Normal Development and Pathology of Motoneurons: Anatomy, Electrophysiological Properties, Firing Patterns and Circuit Connectivity.

This chapter will provide an introduction into motoneuron anatomy, electrophysiological properties, firing patterns focusing on development and also describing several pathological conditions that affect mononeurons. It starts with a historical retrospective describing the early landmark work into motoneurons. The next section lays out the various types of motoneurons (alpha, beta, and gamma) and their subclasses (fast-twitch fatigable, fast-twitch fatigue-resistant, and slow-twitch fatigue resistant), highlighting the functional relevance of this classification scheme. The third section describes the development of motoneurons' passive and active electrophysiological properties. This section also defines the major terms one uses in describing how a neuron functions electrophysiologically. The electrophysiological aspects of a neuron is critical to understanding how it behaves within a circuit and contributes to behavior since the firing of an action potential is how neurons communicate with each other and with muscles. The electrophysiological changes of motoneurons over development underlies how their function changes over the lifetime of an organism. After describing the properties of individual motoneurons, the chapter then turns to revealing how motoneurons interact within complex neural circuits, with other motoneurons as well as sensory neurons, and how these circuits change over development. Finally, this chapter ends with highlighting some recent advances made in motoneuron pathology, focusing on spinal muscular atrophy, amyotrophic lateral sclerosis, and axotomy.

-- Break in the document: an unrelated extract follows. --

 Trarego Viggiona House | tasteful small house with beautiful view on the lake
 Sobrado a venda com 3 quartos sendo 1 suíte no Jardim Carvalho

Recruitment of Motoneurons.

Beginning about half a century ago, the rules that determine how motor units are recruited during movement have been deduced. These classical experiments led to the formulation of the 'size principle'. It is now clear that motoneuronal size is not the only indicator of recruitment order. In fact, motoneuronal passive, active and synaptic conductances are carefully tuned to achieve sequential recruitment. More recent studies, over the last decade or so, show that the premotor circuitry is also functionally specialized and differentially recruited. Modular sub networks of interneurons and their post-synaptic motoneurons have been shown to drive movements with varying intensities. In addition, these modular networks are under the influence of neuromodulators, which are capable of acting upon multiple motor and premotor targets, thereby altering behavioral outcomes. We discuss the recruitment patterns of motoneurons in light of these new and exciting studies.